Japan’s core inflation rate, which excludes volatile fresh food prices but includes fuel costs, is expected to have hit its highest in nearly five years in July and factory output is seen rebounding, according to analysts polled by Thomson Reuters. Both reports are due out Thursday night (New York time).
The nationwide core consumer price index is forecast to have risen 0.6 percent in July from a year earlier. That would follow a 0.4 percent increase in June and mark the biggest increase since a 1.0 percent gain in November 2008.
However, economists at Barclays still expect inflation of only 1.1 percent in the first quarter of 2015 -- short of the Bank of Japan’s “2 percent in two years” target for the overall CPI set in April.
Meanwhile, Thursday’s report should show that industrial production rose 3.7 percent in July, following a 3.1 percent decline in June, the polled showed. Other hard data include July retail sales (Wednesday) and unemployment rate (Thursday), which is projected to remain at 3.9 percent in July.
The Wrong Kind Of Inflation
Some analysts raised concerns about the details of the inflation data. It has come to their attention that although Japan is getting higher inflation as planned, it is the wrong sort of inflation -- the rise has been driven mostly by gasoline and electricity prices. And higher energy costs will raise business costs and eat into consumers' real incomes.
“The recent upturn in inflation should not be credited to Abenomics, at least not entirely,” Tim Quinlan of Wells Fargo Securities said in a note.
After 15 years in which deflation was the over-arching price dynamic, Japan’s central bank rolled out a sweeping new set of monetary policy tools to more than double the monetary base in the span of two years with the stated goal of lifting the CPI inflation rate to 2.0 percent.
In July, Japan’s monetary base expanded 38 percent from a year earlier to 170.39 trillion yen ($1.73 trillion), marking a record high for the fifth straight month. The BoJ said it will continue to inject money into the financial system under its Quantitative and Qualitative Monetary Policy Easing program, or QQE, for short.

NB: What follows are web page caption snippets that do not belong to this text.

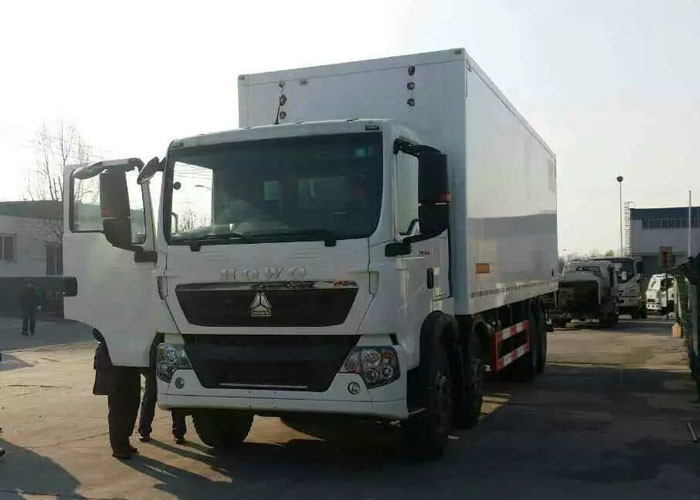 Frozen Foods LHD 8×4 Refrigerated Delivery Truck 40 Ton Low Energy Consumption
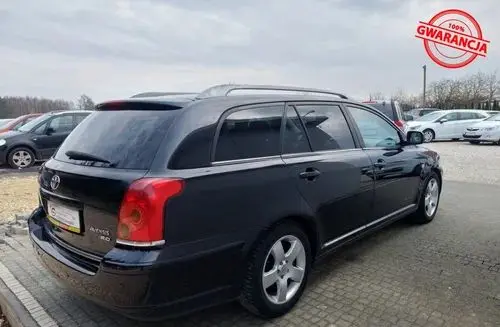 TOYOTA Avensis 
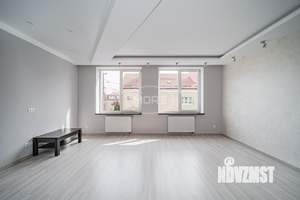Таунхаус 220м², 3-этажный, участок 1 сот.  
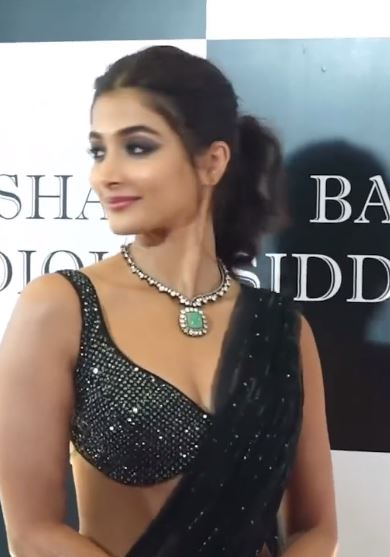 पूजा हेगड़े ने इंस्टाग्राम हैंडल पर अपनी नई फोटोज पोस्ट की हैं, जिसमें वह ग्लैमरस लुक में नजर आ रही हैं। पूजा हेगड़े ने अपने लुक को कम्प्लीट करने के लिए न्यूड मेकअप किया है और बालों को पोनीटेल स्टाइल में बांधा है।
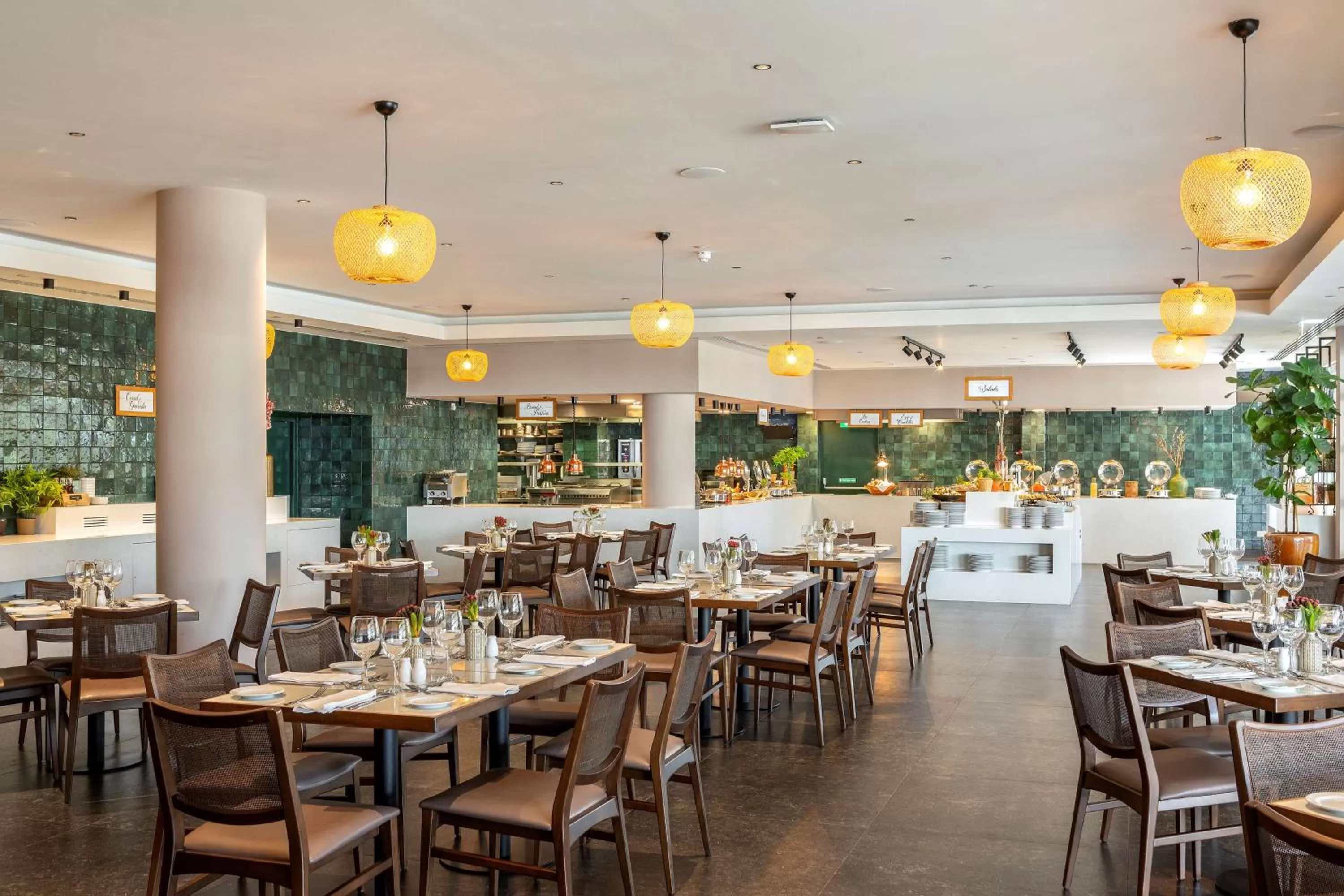 Restaurant/places to eat in Hilton Nicosia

“While we think the goal is laudable, we suspect in the final measure it may be difficult for the BoJ to pull off,” Quinlan said.
Japan’s ultra-easy monetary policy successfully drove down the yen. But a weaker yen is a double-edged sword.
It helped Japan’s exports jump in July from a year earlier at the fastest pace in almost three years, but at the same time, also pushed up the import bills by the most in three years. The key driver for higher inflation not just over the past few months, but over the past year, has been the higher cost for energy, specifically fuel, light and water.
Almost all of Japan’s nuclear reactors have remained idle since the tragic Fukushima disaster in March 2011, putting extra pressure on the energy import bill.
A few reactors are back up and running, but domestic sentiment has certainly become very hostile toward nuclear-generated power. The result of this in terms of inflation is that Japan is importing a lot more liquid natural gas and paying a lot more for it.
In most parts of the world, natural gas prices are much lower today than they were at cycle peaks in 2005 and 2008, but in Japan imported natural gas prices are at an all-time high, according to Quinlan.
The biggest immediate problem for Abe is whether this week’s slew of data for July could strengthen the case for the government to go ahead with a scheduled two-stage hike in the sales tax from next year. The sales tax hike -- from 5 percent to 8 percent next April and to 10 percent in October 2015 – is designed to show markets that Tokyo is serious about tackling Japan's burgeoning public debt, currently 240 percent of gross domestic product.
Opponents of the hike say increasing the tax now would kill the positive momentum of an economy that has just started to recover. Preliminary data issued earlier this month showed Japan's economy grew an annualized 2.6 percent in the second quarter. That’s the third straight quarter of expansion, but still slower than the 3.6 percent expected.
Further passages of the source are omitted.